Jeanne and Simon are confounded by this revelation. While living a new life with them in Canada for a long time, Nawal seldom mentioned about her past to them(the twins thought their father was dead during the war in their mother’s homeland). Angry and confused for this, Simon refuses the request. In contrast, although she has been distant from her mother for a while, Jeanne decides to go to her mother’s homeland to find their father after advised by her advisor professor in her graduate school not to ignore this matter.
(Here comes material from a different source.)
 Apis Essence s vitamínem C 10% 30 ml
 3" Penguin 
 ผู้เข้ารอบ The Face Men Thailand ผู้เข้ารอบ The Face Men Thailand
The movie goes back and forth between Jeanne’s journey and Nawal’s long, hurtful journey. When she was young, Nawal fell in love with a Muslim guy, and she got pregnant by him. Her Christian family certainly did not approve of that; after their failed attempt to run away, her lover was shot by her brothers for the family’s honor, and she had to leave behind her baby right after she bore him. Before separated from him, she promised to him she would find him again.

However, several years later, when she studied in the university, the sectarian conflict between Christians and Muslims got more intensified, and her hometown became a war zone. None the less, Nawal was determined to find her son for keeping her promise. Though well aware of the dangers, she went back to her hometown, and that was the start of a long ordeal she had to struggle through – it was impossible for her to stay in the middle in this conflict.

There are several striking moments to depict the horrors of war in the film. The director Denis Villeneuve, whose screenplay based on the acclaimed play by Wajdi Mouawad, handles the brutality in his movie with restraint and conciseness, as shown in the gut-wrenching scene where Nawal is forced to save herself in a shameful way from sudden brutal mass killing by a militia group. In the opening sequence crucial in the story, Radiohead’s “You and Whose Army?” is effectively used in the soundtrack against what is shown on the screen, and this memorable moment is chillingly connected to the scene where the boys are attacked by a sniper not so older than them.

Villeneuve deftly moves the story between the past and present. Compared to the violent past, Nawal’s homeland at present is relatively peaceful, but there is still the conflict, and there are still the shadows of the past which people do not like to talk about. Nawal’s family members do not forget what she did even after so many years have passed. When Jeanne meets the former prison guard who knew her mother as prisoner, he is very reluctant to tell her what happened to her mother, while emphasizing that he has been a school janitor.

Later in the story, Simon finally joins her sister with Lebel. Their search is continued, and, in the end, there is the shocking truth waiting for them. Of course, I will not tell you what it is, but I have to say this; I already guessed what would be revealed based on some storytelling logics, but it was really devastating to see how the movie silently reveals that horrible secret to the characters with the emotionally shattering effect.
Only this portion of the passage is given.